I recently wrote an article about deploying LLMs as APIs using AWS — when someone commented that they would like a similar article but using Azure ML instead. So I decided to write this article discussing how to deploy LLM endpoints on Azure ML. I also compare the price, ease, and customizability for LLM deployments in Azure ML vs AWS.
Microsoft has been making extremely successful partnerships in the Generative AI era, including those with OpenAI, GitHub Copilot, etc. Recently, Microsoft CEO Satya Nadella gave a talk at Microsoft Inspire, highlighting an incredible vision of Generative AI giving us a more natural interface to virtually every application and a reasoning engine that works on top of all your data, giving users more power.
Microsoft has also partnered with open-source platform Hugging Face, to make many of their models accessible on Microsoft’s Azure cloud platform. They also make available the recently released Llama-2 model family, which has been the talk of the town over the past week. In this blog, I go through how to deploy open-source LLMs as endpoints on Microsoft Azure ML and how to call these models through an API.

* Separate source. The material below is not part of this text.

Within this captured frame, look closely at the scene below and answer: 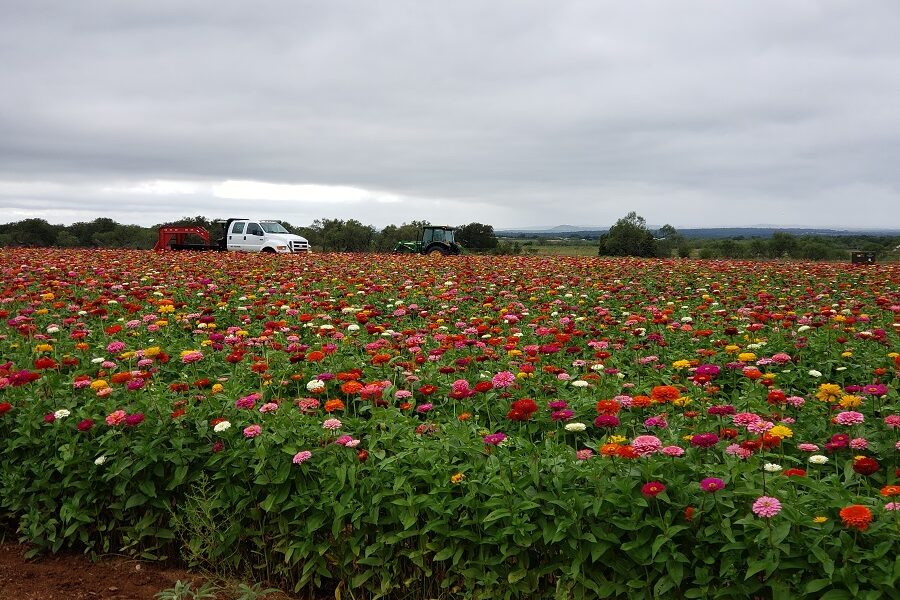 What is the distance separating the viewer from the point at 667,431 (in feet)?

First of all, you need to create a workspace in Azure ML. Once you do that, you can visit the model catalog. The model catalog has an incredible list of models. As I mentioned above, I was surprised to see Llama 2 there, given it was so recently released.
Next, you can click on a model of your choice, and deploy it. Unfortunately, I’m not able to deploy any Billion parameter LLMs as I do not have enough quota and need to request for a quota increase.
However, I was able to deploy the Roberta language model, fine-tuned for Q&A.